'The only thing I love more than complex numbers is fast execution time'
- Benoît Mandelbrot, probably
Channels the power of SIMD (single instruction, multiple data) to produce blazingly fast 🔥 renders of the Mandelbrot set. See below for comparisons:
The following benchmarks were done on an Intel Core i7-8665U CPU. Benchmarks were done in batches, with each batch preceded by a warmup batch in order to minimize predictive branching and caching disturbances.
Measurements "3.0 ± 1.0 ms" indicate average and standard deviation and are rounded to 4 significant digits. Note that the measured time only includes time spent performing calculations, and not initializing data, outputting images etc.
A complete log can be found at readme/benchmark.log.
build/leben_simd --bench 100 100 1920 1080 -.5 0 3 50
(100 batches of 100 runs per build and algorithm type)

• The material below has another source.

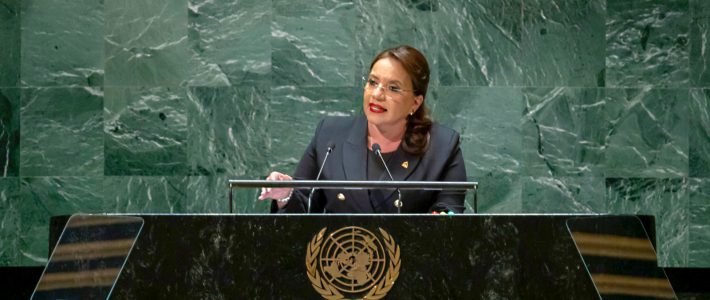 Presidenta Castro en la ONU: «Despierta humanidad, ya no hay tiempo»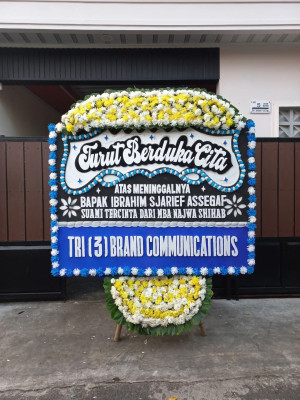 Papan Bunga Duka di Margasuka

| Build type | SISD | SIMD | Times faster |
|---|---|---|---|
| Debug (O0) | 137.4 ± 1.589 ms | 72.75 ± 3.272 ms | 4.95x |
| RelWithDebInfo (O2) | 62.85 ± .5334 ms | 14.97 ± .3833 ms | 4.20x |
| Release (O3) | 62.83 ± 2.231 ms | 14.16 ± .2194 ms | 4.44x |
build/leben_simd --bench 10 100 1920 1080 -1.3896051 -.0140649 .0001 400
(10 batches of 100 runs per build and algorithm type)
| Build type | SISD | SIMD | Times faster |
|---|---|---|---|
| Debug (O0) | 2830. ± 18.62 ms | 1591. ± 23.80 ms | 1.78x |
| RelWithDebInfo (O2) | 1465. ± 17.04 ms | 297.6 ± 1.543 ms | 4.93x |
| Release (O3) | 1462. ± 1.535 ms | 290.9 ± 1.003 ms | 5.03x |
build/leben_simd --bench 4 50 1920 1080 .27605 -.00741 .0001 6400
(4 batches of 50 runs per build and algorithm type)
| Build type | SISD | SIMD | Times faster |
|---|---|---|---|
| Debug (O0) | 3662. ± 130.1 ms | 941.8 ± 73.91 ms | 3.89x |
| RelWithDebInfo (O2) | 4072. ± 4.849 ms | 957.4 ± 3.926 ms | 4.26x |
| Release (O3) | 4089. ± 6.249 ms | 943.8 ± 1.847 ms | 4.33x |
Overall, we see a ~4-5x improvement for SIMD over SISD for optimized builds, for both low-iteration and high-iteration renders. Compared to the theoretical 8x improvement in parallelization (using 256-bit SIMD instruction with 32-bit floats), this is a pretty good result. This improvement does not seem to correlate (or at least not very strongly) with the iteration count. This indicates that the CPU time is in large majority spent on the main iteration loop, and not on other parts of the routine which are unaffected by the SIMD optimization. Additionally, the time differences between O2 and O3 level runs are statistically insignificant, suggesting that optimizations past O2 do not affect the high-runtime main iterative algorithm.
Requires a CPU with the Intel SSE and AVX instruction set extensions to run the binary.
Build and configure using CMake:
cmake -B build/
cmake --build build/
Syntax: exe [<x_res> <y_res> <x_pos> <y_pos> <view_height> <max_iterations>] [<out_path> [-f]]
Generates an image of the Mandelbrot set using the given parameters, and outputs it to the console using ASCII art.
If <out_path> is specified, the image is instead stored to file. Add -f to overwrite existing files.
Syntax: exe --bench <batch_count> <batch_size> <x_res> <y_res> <x_pos> <y_pos> <view_height> <max_iterations>
Runs a benchmark of the implementation using both SISD (single instruction, single data) and SIMD (single instruction, multiple data) algorithms. Prints the average and standard deviation of the run time for SISD and SIMD respectively.
Use the benchmarking script to run multiple benchmarks using different optimization levels:
bash benchmark_suite.sh
Builds and runs the project with the following build types:
Debug, corresponding toO0(no optimizations)RelWithDebInfo, corresponding toO2(moderate optimizations)Release, corresponding toO3(full optimizations)
The script output is saved to a log file.